Content starts

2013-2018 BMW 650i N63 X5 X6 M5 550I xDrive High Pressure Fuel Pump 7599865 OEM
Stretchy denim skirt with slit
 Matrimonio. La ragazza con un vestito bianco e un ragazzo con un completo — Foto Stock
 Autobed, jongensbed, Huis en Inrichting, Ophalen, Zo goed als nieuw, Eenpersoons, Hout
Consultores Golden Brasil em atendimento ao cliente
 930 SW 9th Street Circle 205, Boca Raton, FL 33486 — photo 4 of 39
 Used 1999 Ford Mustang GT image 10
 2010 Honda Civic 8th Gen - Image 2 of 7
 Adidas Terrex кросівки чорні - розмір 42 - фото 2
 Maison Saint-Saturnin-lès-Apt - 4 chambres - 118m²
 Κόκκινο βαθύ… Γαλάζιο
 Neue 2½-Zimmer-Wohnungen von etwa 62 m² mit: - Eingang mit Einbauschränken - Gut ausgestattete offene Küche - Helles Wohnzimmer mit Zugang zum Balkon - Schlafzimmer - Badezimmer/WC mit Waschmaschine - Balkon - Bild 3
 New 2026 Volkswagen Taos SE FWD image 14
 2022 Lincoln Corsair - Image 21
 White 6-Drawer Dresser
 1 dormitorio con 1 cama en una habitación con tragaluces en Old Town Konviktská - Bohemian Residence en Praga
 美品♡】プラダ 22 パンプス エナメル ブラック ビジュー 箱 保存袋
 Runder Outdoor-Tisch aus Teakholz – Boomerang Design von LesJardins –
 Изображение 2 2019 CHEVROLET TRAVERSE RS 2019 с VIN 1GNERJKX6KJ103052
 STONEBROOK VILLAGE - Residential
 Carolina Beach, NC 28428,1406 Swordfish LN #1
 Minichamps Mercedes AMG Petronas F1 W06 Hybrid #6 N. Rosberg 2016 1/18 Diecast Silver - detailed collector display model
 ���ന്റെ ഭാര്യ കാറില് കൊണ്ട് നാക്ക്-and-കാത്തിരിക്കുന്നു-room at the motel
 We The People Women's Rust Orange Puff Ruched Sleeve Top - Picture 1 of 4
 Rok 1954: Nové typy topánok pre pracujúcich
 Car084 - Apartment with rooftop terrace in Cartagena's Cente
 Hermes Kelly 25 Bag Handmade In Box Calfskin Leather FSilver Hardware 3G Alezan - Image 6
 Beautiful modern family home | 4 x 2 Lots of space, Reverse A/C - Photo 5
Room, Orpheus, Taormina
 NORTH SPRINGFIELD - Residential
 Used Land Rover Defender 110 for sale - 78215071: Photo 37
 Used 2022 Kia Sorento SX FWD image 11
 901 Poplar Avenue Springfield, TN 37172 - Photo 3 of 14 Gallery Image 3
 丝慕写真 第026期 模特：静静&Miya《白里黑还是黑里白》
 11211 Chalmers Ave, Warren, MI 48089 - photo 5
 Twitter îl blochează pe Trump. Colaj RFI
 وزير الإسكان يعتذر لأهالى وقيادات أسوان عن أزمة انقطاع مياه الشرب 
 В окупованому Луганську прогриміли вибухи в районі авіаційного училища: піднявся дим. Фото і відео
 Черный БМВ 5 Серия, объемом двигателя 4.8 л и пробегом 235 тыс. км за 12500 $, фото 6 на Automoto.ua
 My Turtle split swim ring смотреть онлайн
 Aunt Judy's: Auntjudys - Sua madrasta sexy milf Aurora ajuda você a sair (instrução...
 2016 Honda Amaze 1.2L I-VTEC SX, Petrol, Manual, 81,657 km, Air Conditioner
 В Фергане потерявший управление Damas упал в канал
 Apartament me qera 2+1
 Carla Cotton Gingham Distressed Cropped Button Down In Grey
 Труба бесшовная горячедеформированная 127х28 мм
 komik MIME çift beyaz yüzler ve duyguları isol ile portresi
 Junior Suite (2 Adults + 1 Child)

Content ends

→ **The task**: Everything in the material above is to be copied exactly.

→ **Response to this exercise**:
2013-2018 BMW 650i N63 X5 X6 M5 550I xDrive High Pressure Fuel Pump 7599865 OEM
Stretchy denim skirt with slit
 Matrimonio. La ragazza con un vestito bianco e un ragazzo con un completo — Foto Stock
 Autobed, jongensbed, Huis en Inrichting, Ophalen, Zo goed als nieuw, Eenpersoons, Hout
Consultores Golden Brasil em atendimento ao cliente
 930 SW 9th Street Circle 205, Boca Raton, FL 33486 — photo 4 of 39
 Used 1999 Ford Mustang GT image 10
 2010 Honda Civic 8th Gen - Image 2 of 7
 Adidas Terrex кросівки чорні - розмір 42 - фото 2
 Maison Saint-Saturnin-lès-Apt - 4 chambres - 118m²
 Κόκκινο βαθύ… Γαλάζιο
 Neue 2½-Zimmer-Wohnungen von etwa 62 m² mit: - Eingang mit Einbauschränken - Gut ausgestattete offene Küche - Helles Wohnzimmer mit Zugang zum Balkon - Schlafzimmer - Badezimmer/WC mit Waschmaschine - Balkon - Bild 3
 New 2026 Volkswagen Taos SE FWD image 14
 2022 Lincoln Corsair - Image 21
 White 6-Drawer Dresser
 1 dormitorio con 1 cama en una habitación con tragaluces en Old Town Konviktská - Bohemian Residence en Praga
 美品♡】プラダ 22 パンプス エナメル ブラック ビジュー 箱 保存袋
 Runder Outdoor-Tisch aus Teakholz – Boomerang Design von LesJardins –
 Изображение 2 2019 CHEVROLET TRAVERSE RS 2019 с VIN 1GNERJKX6KJ103052
 STONEBROOK VILLAGE - Residential
 Carolina Beach, NC 28428,1406 Swordfish LN #1
 Minichamps Mercedes AMG Petronas F1 W06 Hybrid #6 N. Rosberg 2016 1/18 Diecast Silver - detailed collector display model
 ���ന്റെ ഭാര്യ കാറില് കൊണ്ട് നാക്ക്-and-കാത്തിരിക്കുന്നു-room at the motel
 We The People Women's Rust Orange Puff Ruched Sleeve Top - Picture 1 of 4
 Rok 1954: Nové typy topánok pre pracujúcich
 Car084 - Apartment with rooftop terrace in Cartagena's Cente
 Hermes Kelly 25 Bag Handmade In Box Calfskin Leather FSilver Hardware 3G Alezan - Image 6
 Beautiful modern family home | 4 x 2 Lots of space, Reverse A/C - Photo 5
Room, Orpheus, Taormina
 NORTH SPRINGFIELD - Residential
 Used Land Rover Defender 110 for sale - 78215071: Photo 37
 Used 2022 Kia Sorento SX FWD image 11
 901 Poplar Avenue Springfield, TN 37172 - Photo 3 of 14 Gallery Image 3
 丝慕写真 第026期 模特：静静&Miya《白里黑还是黑里白》
 11211 Chalmers Ave, Warren, MI 48089 - photo 5
 Twitter îl blochează pe Trump. Colaj RFI
 وزير الإسكان يعتذر لأهالى وقيادات أسوان عن أزمة انقطاع مياه الشرب 
 В окупованому Луганську прогриміли вибухи в районі авіаційного училища: піднявся дим. Фото і відео
 Черный БМВ 5 Серия, объемом двигателя 4.8 л и пробегом 235 тыс. км за 12500 $, фото 6 на Automoto.ua
 My Turtle split swim ring смотреть онлайн
 Aunt Judy's: Auntjudys - Sua madrasta sexy milf Aurora ajuda você a sair (instrução...
 2016 Honda Amaze 1.2L I-VTEC SX, Petrol, Manual, 81,657 km, Air Conditioner
 В Фергане потерявший управление Damas упал в канал
 Apartament me qera 2+1
 Carla Cotton Gingham Distressed Cropped Button Down In Grey
 Труба бесшовная горячедеформированная 127х28 мм
 komik MIME çift beyaz yüzler ve duyguları isol ile portresi
 Junior Suite (2 Adults + 1 Child)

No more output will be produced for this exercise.